Prezydent USA Donald Trump, w niedzielę poruszył kwestię zmiany reżimu w Iranie po amerykańskich atakach na kluczowe obiekty nuklearne w miniony weekend, podczas gdy wysokiej rangi urzędnicy jego administracji ostrzegali Teheran przed odwetem.
“Nie jest politycznie poprawne używać terminu 'Zmiana Reżimu', ale jeśli obecny irański reżim nie jest w stanie UCZYNIĆ IRANU PONOWNIE WIELKIM, to dlaczego nie miałoby dojść do zmiany reżimu??? MIGA!!!” – napisał Trump na swojej platformie społecznościowej.

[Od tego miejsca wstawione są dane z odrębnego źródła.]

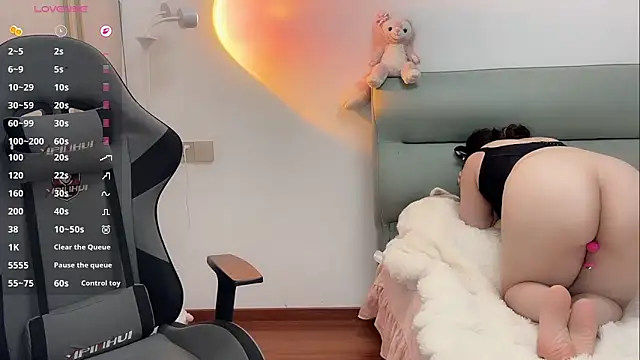 Susu-36E online show from March 7, 12:56 pm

Wpis Trumpa pojawił się po tym, jak urzędnicy jego administracji, w tym wiceprezydent USA JD Vance i sekretarz obrony Pete Hegseth, podkreślili, że nie dążą do obalenia rządu Iranu.
“Ta misja nie dotyczyła i nie dotyczy zmiany reżimu” – powiedział Hegseth dziennikarzom w Pentagonie, nazywając operację “precyzyjną akcją” wymierzoną w irański program nuklearny.
“Operacja Midnight Hammer”
Vance w wywiadzie dla programu NBC “Meet the Press with Kristen Welker” powiedział: “Nasze stanowisko jest bardzo jasne – nie chcemy zmiany reżimu.”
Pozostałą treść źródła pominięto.